Apple Computer co-founder and philanthropist Steve Wozniak pauses while speaking at the Bay Area Discovery Museum's Discovery Forum Feb. 1, 2010. Wozniak has recently said he plans to gain Australian citizenship.
Steve Wozniak returned Thursday afternoon after news he was seeking an Australian citizenship. But Woz doesn't want to be an Aussie.

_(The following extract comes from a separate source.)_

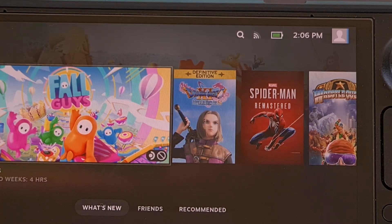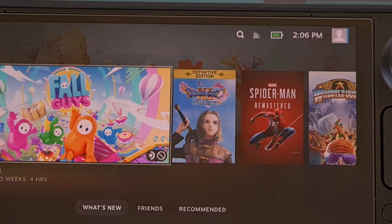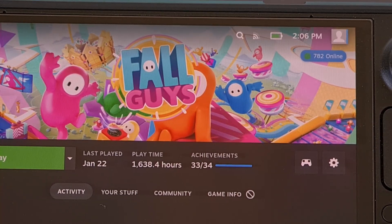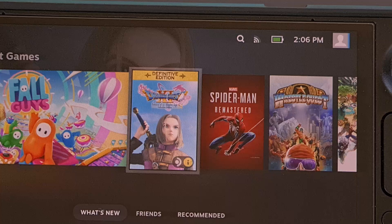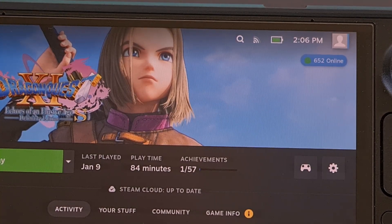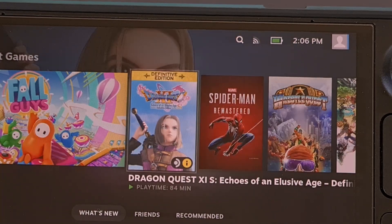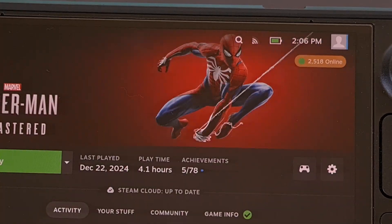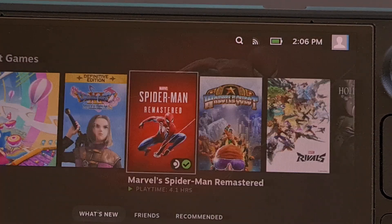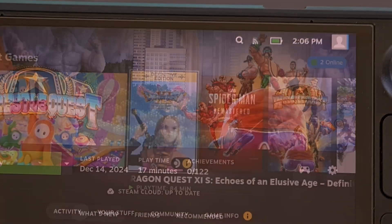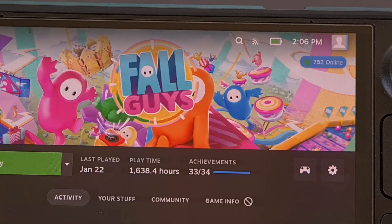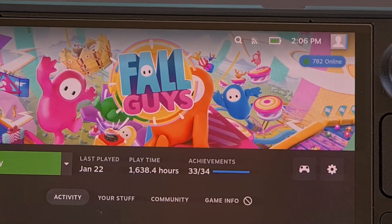When you're deciding whether or not you want to purchase a new game on the Steam Deck, being able to see the active number of players within the game can be very beneficial. Some people will pull up Steam Charts or SteamDB to check those numbers, but wouldn't it be great to see that data integrated directly into SteamOS? This is now possible thanks to a new Decky Loader plugin that's available for free right now.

Instead he wants to live in New Zealand.
Stepping off an 11-hour flight, the Apple co-founder confirmed reports that he's applied for Australian citizenship, that he had no interest in dropping his American citizenship and that he and his wife, Janet Hill, simply love New Zealand.
Australia and New Zealand have few restrictions for their residents when it comes to living in the other's country, with New Zealand's approach being almost seamless:
If you’re an Australian citizen you will usually be allowed to live, work or study in New Zealand and won't need to apply for any type of visa before traveling.
Woz's plan to keep his American citizenship means he will enjoy no tax advantages, and, in fact, he will pay more.
Loading two roller bags and a backpack into his wife's black Prius, Wozniak said, "Listen, I would never pay that kind of money for that kind of visa if I weren't serious (about Australian citizenship)."
The residency visa application is the first step toward citizenship Down Under for professionals and other skilled migrants.
Woz has been a fixture in the South Bay since founding Apple Computer with his friend Steve Jobs on April 1, 1976. Wozniak was instrumental in the creation of the San Jose Children's Museum as well as the Shoreline Amphitheater.
He could often be spotted rolling around Los Gatos on his Segway scooter.
Wozniak is presently chief scientist at Fusion-io Inc., a Salt Lake City-based maker of flash-memory technologies, according to Bloomberg.